Ci sono, infine, imprenditori che scelgono di porre in essere la RSI per motivazioni
intrinseche, in quanto aderiscono a dei precisi codici identitari che li spingono ad adottare
comportamenti responsabili nel loro fare impresa. Queste imprese svolgono spesso il
ruolo di attivatore in contesti con bassa cultura civile, tuttavia sarebbe sbagliato
considerarle le uniche davvero “socialmente responsabili”. Un consiglio simile è quello
che Bruni rivolge a certi operatori del commercio equo e solidale che rischiano di
suddividere il mondo (e il mercato) in “imprese buone”e “imprese cattive”: buone
sarebbero solo quelle mosse da una vocazione, nate quindi non con l’obiettivo primario
del profitto, mentre cattive sarebbero tutte le altre. Andare oltre questa visione manichea
è, secondo Bruni, una strategia che sul lungo periodo potrebbe risultare vincente: se gli
operatori incondizionali iniziassero a cooperare con imprese di tipo brave (coraggioso) o
cauto, potrebbero, sul lungo periodo, persino riuscire a vedere l’equità e la solidarietà che
hanno posto a fondamento delle loro azioni, come nuova cultura, normale, dei mercati.

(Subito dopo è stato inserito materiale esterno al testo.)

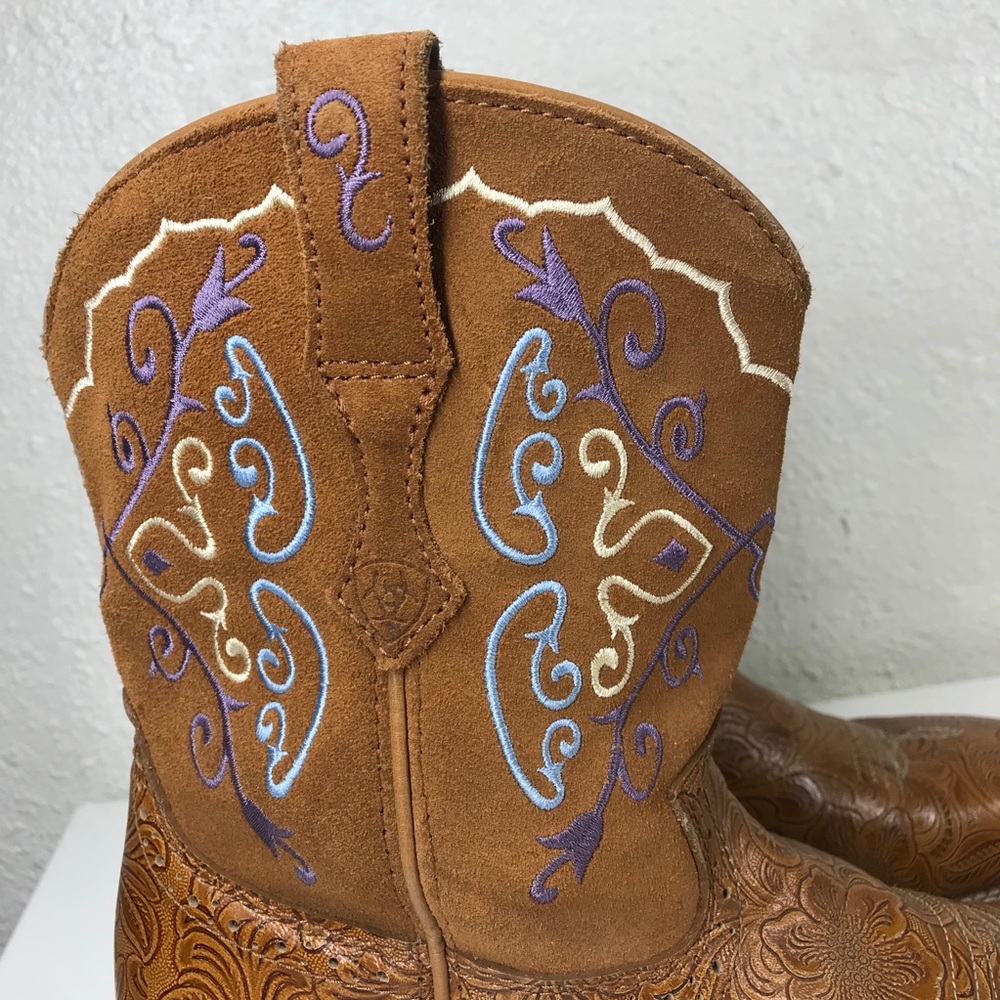 Ariat Fatbaby Floral Printed Square Toe Boots 6B - Picture 3 of 9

Molte reciprocità, dunque, e tutte da attivare e fare interagire tra loro se si aspira ad una
società che non si fermi sulla non-reciprocità e che possa almeno sognare di godere di
quella “civile felicità” immaginata da Vico.
L’autore
Luigino Bruni è Professore Associato di Economia Politica presso la Facoltà di Economia,
Università di Milano-Bicocca e incaricato sulla cattedra di Economia Politica presso
l’Istituto Universitario “Sophia” di Loppiano. Vicedirettore del Centro interdisciplinare e
Interdipartimentale CISEPS. E' vicedirettore del centro interuniversitario di ricerca
sull'etica d'impresa Econometica e membro del comitato etico di Banca Etica.